Responsive Web Design
This issue was compounded due to the fact that smartphones and tablets would often turn sideways to view sites in landscape mode. Before site responsiveness became more common, this would lead to a broken display that the designer had not intended. Some smartphones have very small screens which made the website even more difficult to see. The page’s images often would break the layout and, if particularly graphic-intensive, would load very slowly.
Responsive design enables a site to dynamically adjust its own elements to be readable on all different screen sizes. This makes the content easy to read and navigate. Three columns may appear as only one or two columns on a smaller device. To accommodate smaller viewing areas, a responsive site will often break a table element into a single column to be viewed linearly. Additionally, Instead of being cut off or becoming distorted, images will automatically resize. Horizontal navigation menus automatically become dynamic mobile menus which can be hidden from view to make the text more readable.
When it comes to optimizing sites for the search engines, responsive web design is crucial. More so than ever before, the user experience has become pivotal to achieving Google ranking goals.

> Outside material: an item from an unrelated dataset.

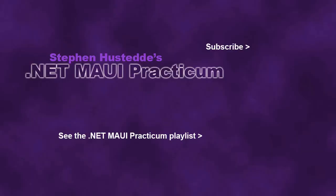If you just jumped into this video, you can see all the videos from the .NET MAUI Practicum playlist by clicking on the image in the lower right. And if you'd like to be alerted to future videos I create, you can click my picture in the top right to subscribe to the channel.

Google’s algorithm has methods for detecting how long users spent on a web page before exiting; this “bounce rate” is weighed as a factor in determining page rankings. Now that most of the traffic on the web is mobile device traffic, it is actually more important that a site looks good on these devices as opposed to desktop browsers.
Web developers make use of tools to constantly check that their sites are formatting well across devices. One straightforward way is simply to have a computer, tablet and smartphone at their disposal that they are opening the site on periodically; responsive web design has become somewhat of an art – frustrating and rewarding for the developer both at once. Introducing the element of various devices means the variables that could break a site increase. Fixing something on one end just to have it break on another is a bit like solving a Rubik’s cube!